Hey guys, though I'd throw up some pics of my rough-ed in DC remodel that is a modified HF 2HP dc.. I need to get things straighter yet, make it all prettier and check all the seals, and I'm thinking of mounting the bag/filter hoop so that it's in direct line with the outlet of the impeller. I'm running 5" furnace pipe, the trash can is my Fein style baffle. What a difference between it and the little potable HF collector with a trashcan separator lid and about 20 feet of 4" flex. The gate near the window is where the 4" flex to the TS will connect, and from that Tee ( i know id be better with a WYE there but damn there over 100$ in tin?!?) it goes 5" furnace pipe that reduces at a 4" WYE and splits to the RAS flex and the other branch goes to one of those rockler dust right hoses. Ordered that with the fancy handle and tool port adapters, with 21 feet i should be able to hook up to anything anywhere. I put the mini gulp hood to work at the RAS, seems to work pretty good, most that dust there is actually from me forgetting the gate to the dust right setup was also open..seemed to still have alot of suction though.
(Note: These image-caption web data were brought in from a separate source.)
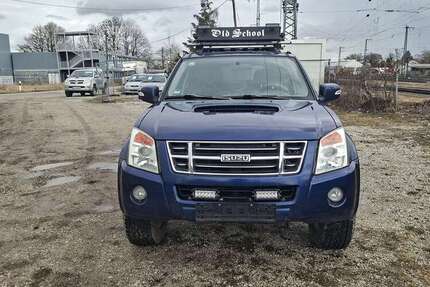 Isuzu D-Max 198.000 km 6.900 &euro; München 81829
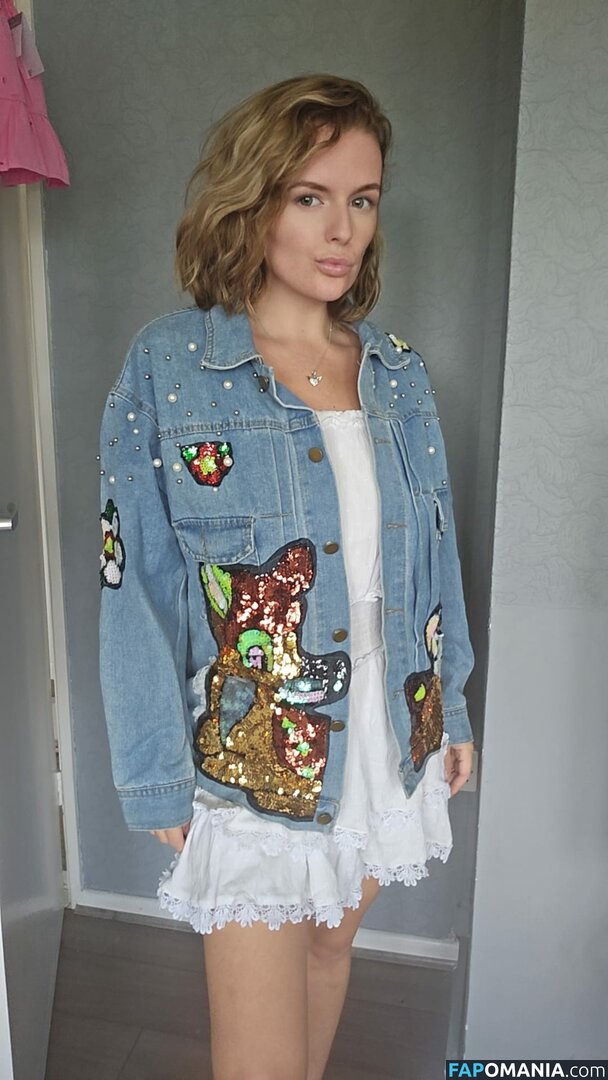 Lycia Rutter / LyciaSharyl / Lyciarutter_xo / dollydaddysgirls Обнажённый OnlyFans  Утёкшее фото #15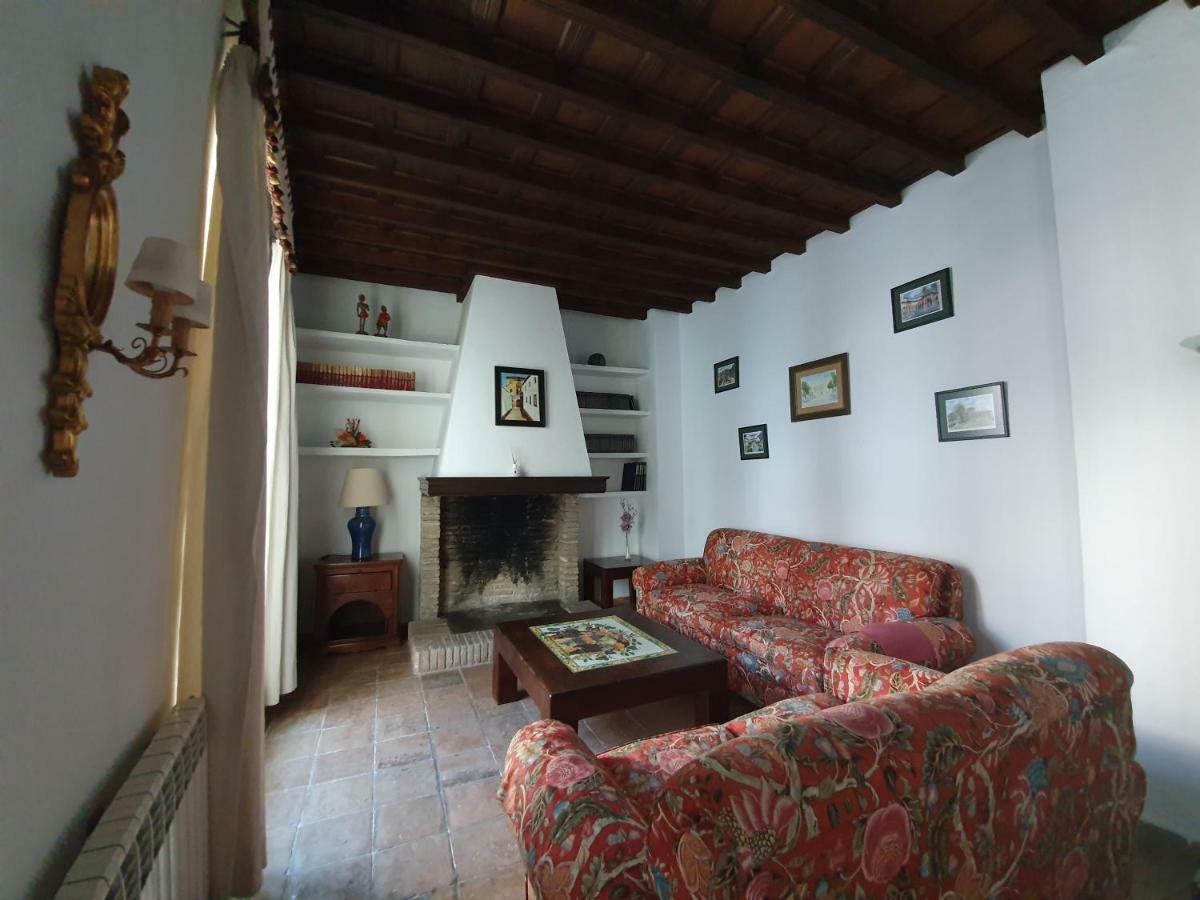 Casa Del Aljarife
Overall, my new system really sucks..the good sucking:laughing: 
Thanks to all that gave me advice and whom i pilfered ideas from!


----------



## rrbrown (Feb 15, 2009)

Looking good I would recommend mounting the bag/filter in a straight line with the blower. I did just had to make a little raised shelf to mount the legs on, just make sure you make it large enough so the bag don't hang off the edge. Here's pictures of my new set up since I went to the 6" pipe and mounted the blower and bag.


----------



## troyd1976 (Jul 26, 2011)

rrbrown, yes thats exactly what i plan to do..Going to remove that shelf that TV is sitting on and raise the bag/filter up so the 5" line from the blower to the round deal is a straight shot. I'm thinking that will also allow me a place to park the shopvac under.

I see your inlet lands at the end of the bumped out portion of the baffle, Does it have any negative effect on mine that my inlet lands right in the center of the 120 deg. area?

I had thought of using 6" as well for my main runs, but i sized it to match the inlet side of the HF DC., Also thought of running as much hard line as you have, but hopefully in the somewhat near future i will be relocating to a bigger shop space. :laughing:

I didn't take any pics but i also have my grizzly air filtration box mounted in the attic, I'm hoping a side benefit of this is circulating some of the heat back down in the winter months.


----------



## rrbrown (Feb 15, 2009)

My inlet ended in the middle like yours but it makes no sense to have that bumped out area behind the inlet. I don't see any adverse reaction. My only concern is that I thought the center pipe came down further then I would like resulting in a little more powder making it to the bag then what I expected. I'm actually being a little to ambitious though because I only got a hand full of powder in the bag while having about 10 gallons of dust in the can. That was all sucked up at one time very aggressively from one big pile that I dumped out of the shopvac. While collecting dust just as it comes off the tools I get no where near as much powder in the bag.


----------